For more than three months, 20 teen girls, most who are growing up in kinship care, have journeyed together in A Dance for Life, a rite of passage program that teaches things like perseverance on the way to success and that it’s okay to say no and mean it. Their journey will culminate in a grand ball at the Rhonda D. Wright Family Center of A Second Chance, Inc., in the Homewood neighborhood, on Saturday, Nov. 11, at 5 p.m.

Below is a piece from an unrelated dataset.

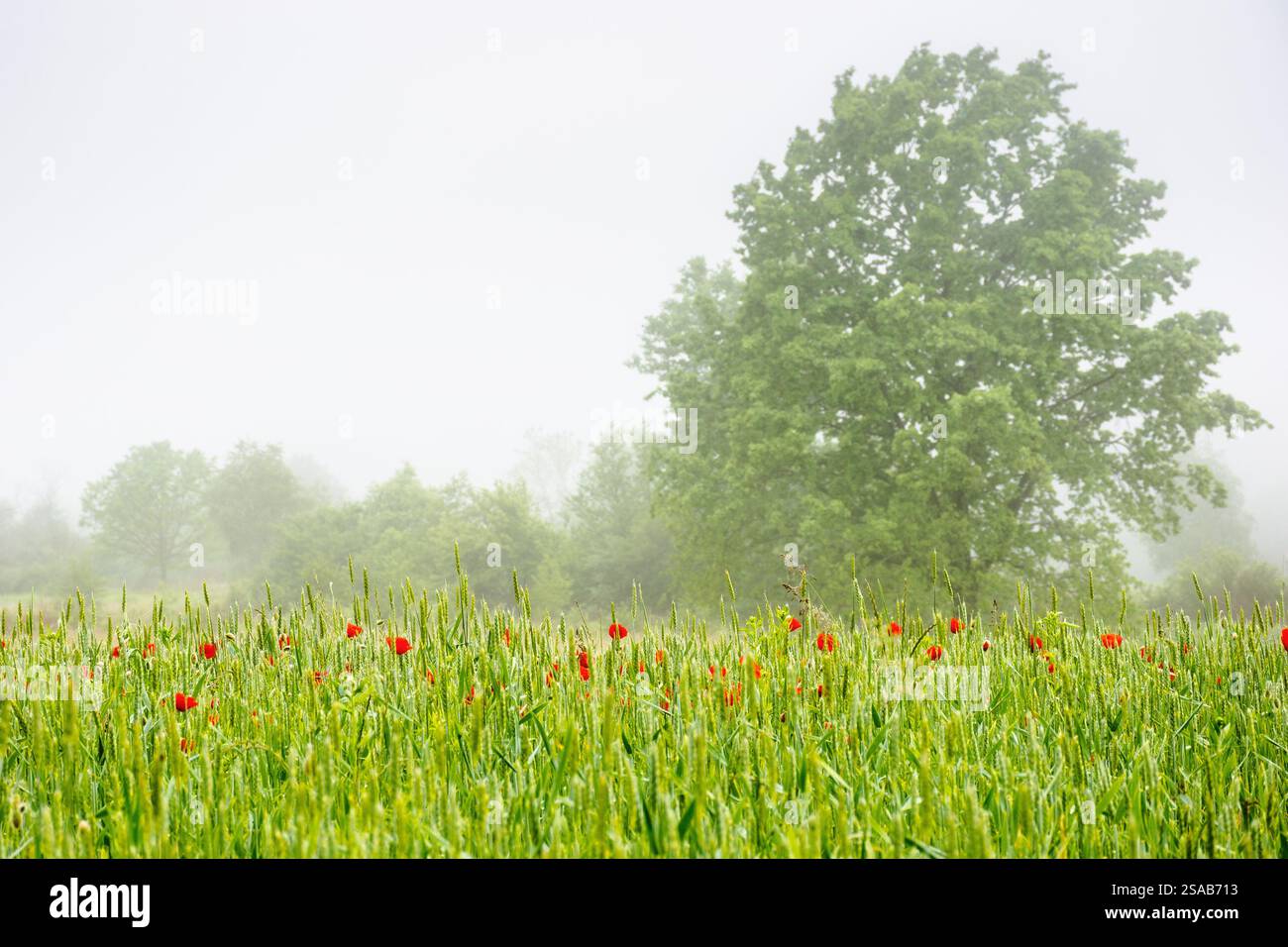 poppy flowers on the rye field in fog. calm weather. rural landscape in spring. trees in the distance. peaceful scenery in ukraine Stock Photo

Sharon L. McDaniel, president and CEO of A Second Chance, Inc. (ASCI), created A Dance for Life 14 years ago. Today it is a signature program at ASCI, the only agency in the country that specializes in child welfare-involved kinship families. A product of kinship care and foster care, McDaniel and her staff host the annual program to help change the tide in young lives. Young ladies from New Grace Missionary Baptist Church in Homewood, and who are supported by ASCI, make up this year’s A Dance for Life participants. Each year, McDaniel partners with other community-based organizations, child welfare CEOs and philanthropists, to host the event that offers teen girls culturally sensitive and authentic lessons about what it means to be Black and female—in Pittsburgh and in the world.

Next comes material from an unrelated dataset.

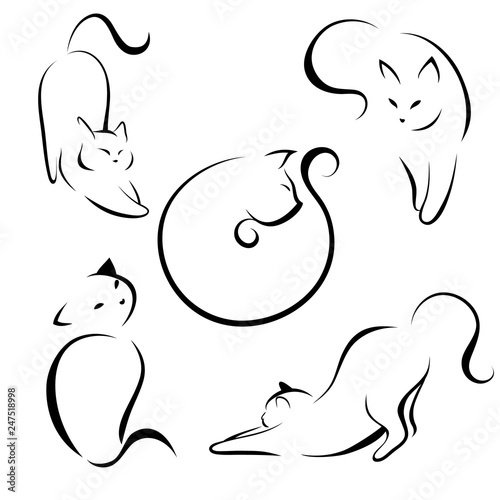 Cats, black lines. Linear design. Cats, vector illustration. cat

“I named the program A Dance for Life as a metaphor for all the dances in life that our young ladies will encounter; whether it is feeling left out, a breakup with their very first boyfriend, not getting a good grade on a test after they studied hard, or having conflict at home with their grandmas,” McDaniel said. “These are the kind of experiences that create that dance. Our hope is that the cultural enrichment opportunities, frank discussions and nurturing we offer through A Dance for Life will help propel them to navigate their young lives with resolve, grace, confidence, and strength.”
The formal affair is also a community celebration, McDaniel said. “These are our young people, in our community. That’s why ASCI creates opportunities to work together with neighbors and families and the community to care for them.”
Doreen Thomas, a long-time A Dance for Life coordinator and a former ASCI director, is introducing a fashion show at this year’s event. The girls will model professional clothes purchased for them from discount and thrift stores. Thomas said, for some young women, the formal dance doesn’t mark the end of their preparation and life lessons. Alumni of the program return, eager to serve as guides along another girls’ journey.
“Some are now in college or working,” Thomas said, but because A Dance for Life changed their lives, they want to share their stories, and give back.”